Top of Entries shown

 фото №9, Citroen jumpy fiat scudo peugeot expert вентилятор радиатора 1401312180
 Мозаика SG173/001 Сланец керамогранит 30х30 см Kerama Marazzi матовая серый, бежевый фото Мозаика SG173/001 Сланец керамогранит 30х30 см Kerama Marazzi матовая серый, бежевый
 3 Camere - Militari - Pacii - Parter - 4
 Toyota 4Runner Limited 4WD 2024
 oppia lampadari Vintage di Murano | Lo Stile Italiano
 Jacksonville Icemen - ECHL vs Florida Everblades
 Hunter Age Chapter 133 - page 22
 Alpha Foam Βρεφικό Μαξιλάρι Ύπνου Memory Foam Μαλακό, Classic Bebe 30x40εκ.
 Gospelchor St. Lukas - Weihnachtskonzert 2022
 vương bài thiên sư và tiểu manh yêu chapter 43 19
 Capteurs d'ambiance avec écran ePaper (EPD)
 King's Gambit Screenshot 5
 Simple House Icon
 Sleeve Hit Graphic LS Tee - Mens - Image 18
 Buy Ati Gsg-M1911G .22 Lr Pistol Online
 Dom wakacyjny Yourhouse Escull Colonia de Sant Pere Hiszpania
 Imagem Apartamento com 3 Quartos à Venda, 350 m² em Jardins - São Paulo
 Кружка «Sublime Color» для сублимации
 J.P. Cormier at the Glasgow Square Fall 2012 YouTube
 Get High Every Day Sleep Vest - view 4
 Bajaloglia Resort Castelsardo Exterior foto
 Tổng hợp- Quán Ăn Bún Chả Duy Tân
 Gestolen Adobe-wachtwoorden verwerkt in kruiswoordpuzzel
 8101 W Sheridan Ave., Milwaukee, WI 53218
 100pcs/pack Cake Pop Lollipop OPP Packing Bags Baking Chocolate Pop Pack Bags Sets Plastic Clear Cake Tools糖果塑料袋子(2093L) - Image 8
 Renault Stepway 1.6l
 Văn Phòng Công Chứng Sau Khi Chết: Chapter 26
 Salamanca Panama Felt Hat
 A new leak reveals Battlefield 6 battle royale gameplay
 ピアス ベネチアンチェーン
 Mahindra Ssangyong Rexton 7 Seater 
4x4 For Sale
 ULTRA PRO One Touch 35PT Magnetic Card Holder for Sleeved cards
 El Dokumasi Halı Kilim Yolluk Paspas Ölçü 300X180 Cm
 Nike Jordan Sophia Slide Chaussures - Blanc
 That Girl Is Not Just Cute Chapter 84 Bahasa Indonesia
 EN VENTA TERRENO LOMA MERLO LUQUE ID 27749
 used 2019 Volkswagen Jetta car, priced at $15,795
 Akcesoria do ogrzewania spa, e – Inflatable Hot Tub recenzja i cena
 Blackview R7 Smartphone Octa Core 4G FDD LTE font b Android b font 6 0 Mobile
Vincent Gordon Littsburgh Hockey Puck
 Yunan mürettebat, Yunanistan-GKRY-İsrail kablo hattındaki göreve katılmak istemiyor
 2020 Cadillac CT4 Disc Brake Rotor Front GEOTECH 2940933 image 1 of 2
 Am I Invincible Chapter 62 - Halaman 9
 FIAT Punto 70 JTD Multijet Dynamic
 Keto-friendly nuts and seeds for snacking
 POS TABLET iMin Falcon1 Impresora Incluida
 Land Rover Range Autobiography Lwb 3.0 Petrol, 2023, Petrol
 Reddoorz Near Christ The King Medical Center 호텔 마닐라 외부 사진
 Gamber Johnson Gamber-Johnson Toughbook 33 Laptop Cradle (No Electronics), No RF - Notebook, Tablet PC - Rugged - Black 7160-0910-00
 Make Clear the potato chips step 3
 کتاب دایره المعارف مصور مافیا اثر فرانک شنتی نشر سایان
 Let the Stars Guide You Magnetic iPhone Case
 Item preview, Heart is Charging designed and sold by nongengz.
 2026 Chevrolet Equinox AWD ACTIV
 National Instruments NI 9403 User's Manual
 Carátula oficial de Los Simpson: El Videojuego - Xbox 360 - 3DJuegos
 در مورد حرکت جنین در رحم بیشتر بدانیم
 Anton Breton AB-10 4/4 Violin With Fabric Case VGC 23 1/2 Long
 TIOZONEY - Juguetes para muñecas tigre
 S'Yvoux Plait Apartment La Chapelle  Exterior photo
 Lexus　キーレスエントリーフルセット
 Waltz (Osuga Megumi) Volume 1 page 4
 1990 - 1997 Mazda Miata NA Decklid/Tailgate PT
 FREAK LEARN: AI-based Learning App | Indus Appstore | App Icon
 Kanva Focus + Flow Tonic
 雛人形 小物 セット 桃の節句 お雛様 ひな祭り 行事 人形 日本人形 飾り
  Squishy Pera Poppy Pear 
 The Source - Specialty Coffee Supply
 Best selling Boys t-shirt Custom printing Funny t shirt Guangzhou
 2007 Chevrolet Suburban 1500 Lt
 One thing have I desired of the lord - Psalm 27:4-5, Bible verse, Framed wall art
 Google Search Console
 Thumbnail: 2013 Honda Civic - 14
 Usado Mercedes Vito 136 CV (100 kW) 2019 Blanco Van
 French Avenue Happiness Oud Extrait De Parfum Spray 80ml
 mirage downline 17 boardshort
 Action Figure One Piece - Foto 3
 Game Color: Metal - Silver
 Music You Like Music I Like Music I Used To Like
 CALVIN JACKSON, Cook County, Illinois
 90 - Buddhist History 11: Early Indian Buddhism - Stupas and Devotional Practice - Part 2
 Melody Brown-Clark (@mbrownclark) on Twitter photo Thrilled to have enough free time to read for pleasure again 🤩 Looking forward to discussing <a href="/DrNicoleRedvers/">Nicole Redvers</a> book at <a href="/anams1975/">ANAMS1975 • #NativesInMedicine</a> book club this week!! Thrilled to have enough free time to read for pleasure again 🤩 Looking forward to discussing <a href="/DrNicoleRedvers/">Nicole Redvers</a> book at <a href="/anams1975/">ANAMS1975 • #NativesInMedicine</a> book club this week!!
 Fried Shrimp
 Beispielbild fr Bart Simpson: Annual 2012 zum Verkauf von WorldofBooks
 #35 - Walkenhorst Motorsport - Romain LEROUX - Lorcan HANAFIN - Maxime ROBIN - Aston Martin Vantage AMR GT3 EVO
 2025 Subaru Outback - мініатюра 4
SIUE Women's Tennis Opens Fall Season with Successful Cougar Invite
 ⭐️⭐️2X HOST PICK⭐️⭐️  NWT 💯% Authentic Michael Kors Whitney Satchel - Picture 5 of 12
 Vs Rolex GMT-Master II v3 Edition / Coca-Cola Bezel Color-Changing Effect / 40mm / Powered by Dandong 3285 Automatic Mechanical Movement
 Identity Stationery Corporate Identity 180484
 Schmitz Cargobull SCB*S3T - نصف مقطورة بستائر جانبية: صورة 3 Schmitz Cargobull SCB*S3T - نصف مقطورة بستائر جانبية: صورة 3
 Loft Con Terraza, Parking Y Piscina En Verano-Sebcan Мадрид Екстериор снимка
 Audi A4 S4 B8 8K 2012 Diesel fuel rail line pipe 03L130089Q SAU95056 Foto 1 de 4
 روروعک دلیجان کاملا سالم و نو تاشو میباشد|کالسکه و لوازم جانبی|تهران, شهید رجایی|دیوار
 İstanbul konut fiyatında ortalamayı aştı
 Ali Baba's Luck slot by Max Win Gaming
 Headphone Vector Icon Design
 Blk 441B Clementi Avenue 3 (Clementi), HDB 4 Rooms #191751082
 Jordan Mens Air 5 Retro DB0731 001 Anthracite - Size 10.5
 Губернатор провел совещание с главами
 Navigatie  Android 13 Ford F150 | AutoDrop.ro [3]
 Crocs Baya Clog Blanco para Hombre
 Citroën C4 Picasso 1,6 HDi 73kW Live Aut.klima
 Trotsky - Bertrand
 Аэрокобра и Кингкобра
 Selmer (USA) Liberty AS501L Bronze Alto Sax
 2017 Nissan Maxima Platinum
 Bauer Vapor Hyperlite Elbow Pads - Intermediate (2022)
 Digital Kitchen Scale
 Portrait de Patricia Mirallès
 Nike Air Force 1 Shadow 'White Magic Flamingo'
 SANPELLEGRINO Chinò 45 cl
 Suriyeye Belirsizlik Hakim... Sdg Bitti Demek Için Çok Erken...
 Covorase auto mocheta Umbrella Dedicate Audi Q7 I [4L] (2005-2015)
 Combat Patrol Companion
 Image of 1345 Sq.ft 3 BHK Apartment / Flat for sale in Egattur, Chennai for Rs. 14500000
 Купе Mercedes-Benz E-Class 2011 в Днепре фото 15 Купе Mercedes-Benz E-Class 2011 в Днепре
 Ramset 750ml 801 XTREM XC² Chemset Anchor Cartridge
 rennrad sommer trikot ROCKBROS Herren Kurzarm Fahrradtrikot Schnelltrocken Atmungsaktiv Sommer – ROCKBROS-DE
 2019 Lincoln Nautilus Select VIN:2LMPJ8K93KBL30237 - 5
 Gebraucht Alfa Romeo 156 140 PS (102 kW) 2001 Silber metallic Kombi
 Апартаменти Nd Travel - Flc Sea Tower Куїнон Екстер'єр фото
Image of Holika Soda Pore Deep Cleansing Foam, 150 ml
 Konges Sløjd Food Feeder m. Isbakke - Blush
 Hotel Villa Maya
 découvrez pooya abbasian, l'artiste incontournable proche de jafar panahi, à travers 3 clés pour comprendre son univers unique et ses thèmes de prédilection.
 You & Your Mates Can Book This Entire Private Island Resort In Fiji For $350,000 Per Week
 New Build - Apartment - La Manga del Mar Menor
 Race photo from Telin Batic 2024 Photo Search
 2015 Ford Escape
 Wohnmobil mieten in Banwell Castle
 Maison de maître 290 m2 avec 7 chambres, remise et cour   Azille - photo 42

Bottom of Entries shown

> _Required work_
Set down, from the entries above, exactly the lines from the one with "Digital Kitchen Scale" up to and including the one with "Hotel Villa Maya", and no other lines.

> _Reply to the exercise_
 Digital Kitchen Scale
 Portrait de Patricia Mirallès
 Nike Air Force 1 Shadow 'White Magic Flamingo'
 SANPELLEGRINO Chinò 45 cl
 Suriyeye Belirsizlik Hakim... Sdg Bitti Demek Için Çok Erken...
 Covorase auto mocheta Umbrella Dedicate Audi Q7 I [4L] (2005-2015)
 Combat Patrol Companion
 Image of 1345 Sq.ft 3 BHK Apartment / Flat for sale in Egattur, Chennai for Rs. 14500000
 Купе Mercedes-Benz E-Class 2011 в Днепре фото 15 Купе Mercedes-Benz E-Class 2011 в Днепре
 Ramset 750ml 801 XTREM XC² Chemset Anchor Cartridge
 rennrad sommer trikot ROCKBROS Herren Kurzarm Fahrradtrikot Schnelltrocken Atmungsaktiv Sommer – ROCKBROS-DE
 2019 Lincoln Nautilus Select VIN:2LMPJ8K93KBL30237 - 5
 Gebraucht Alfa Romeo 156 140 PS (102 kW) 2001 Silber metallic Kombi
 Апартаменти Nd Travel - Flc Sea Tower Куїнон Екстер'єр фото
Image of Holika Soda Pore Deep Cleansing Foam, 150 ml
 Konges Sløjd Food Feeder m. Isbakke - Blush
 Hotel Villa Maya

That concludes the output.